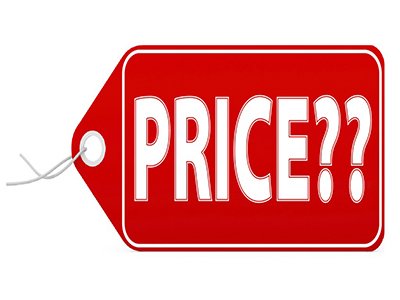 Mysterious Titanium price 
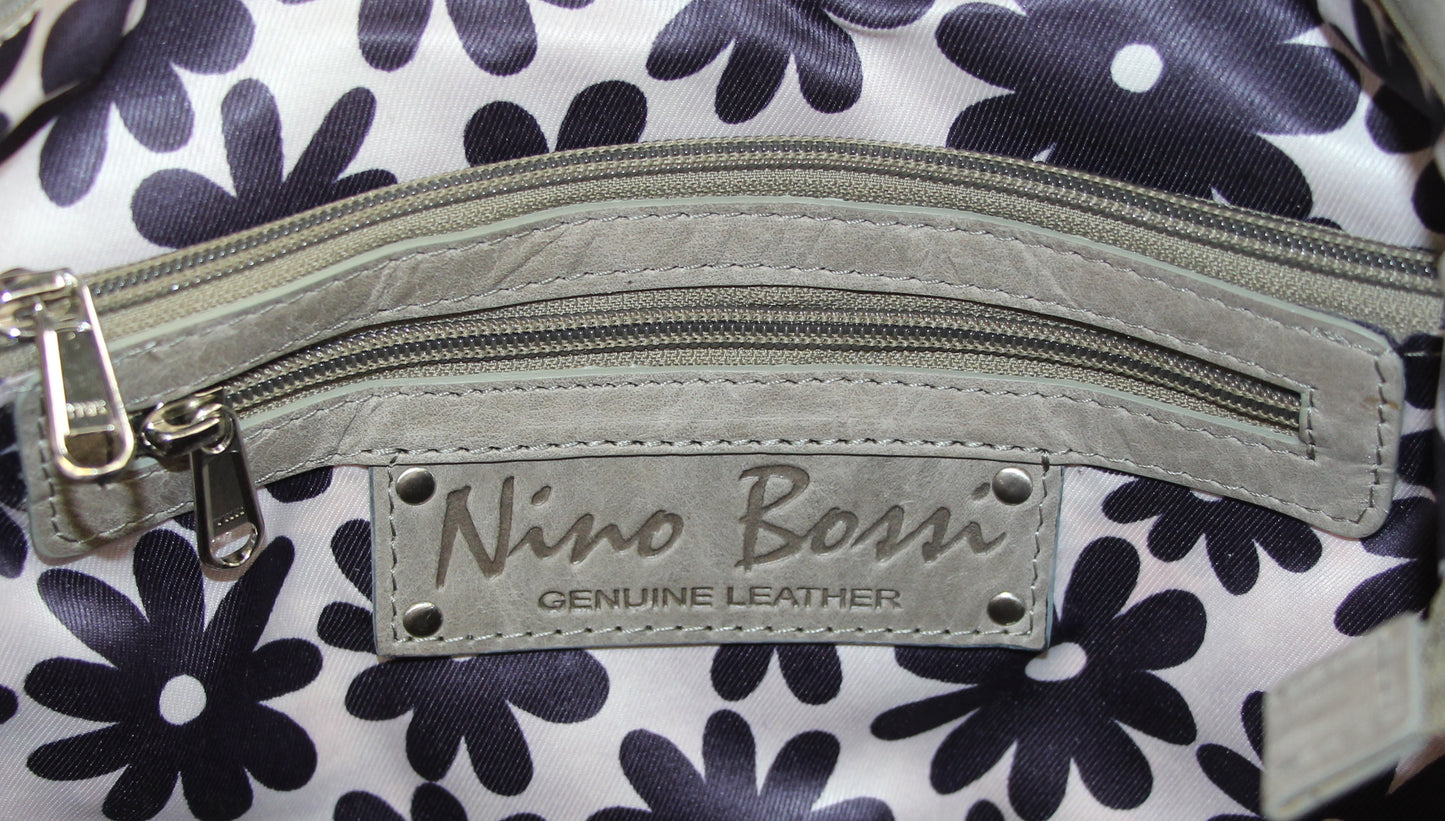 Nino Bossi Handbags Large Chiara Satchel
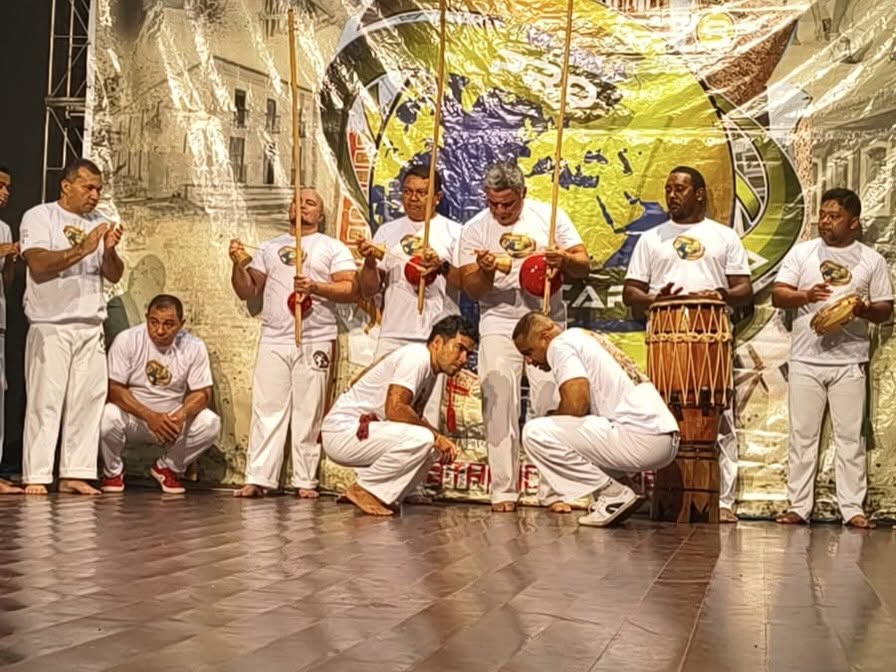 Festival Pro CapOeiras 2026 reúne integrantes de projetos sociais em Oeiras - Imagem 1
◇ ◇ ◇
Exercise brief
Every line of the listing is to be repeated exactly, and the pictures are to be dropped.

Written answer
 Mysterious Titanium price 
 Nino Bossi Handbags Large Chiara Satchel
 Festival Pro CapOeiras 2026 reúne integrantes de projetos sociais em Oeiras - Imagem 1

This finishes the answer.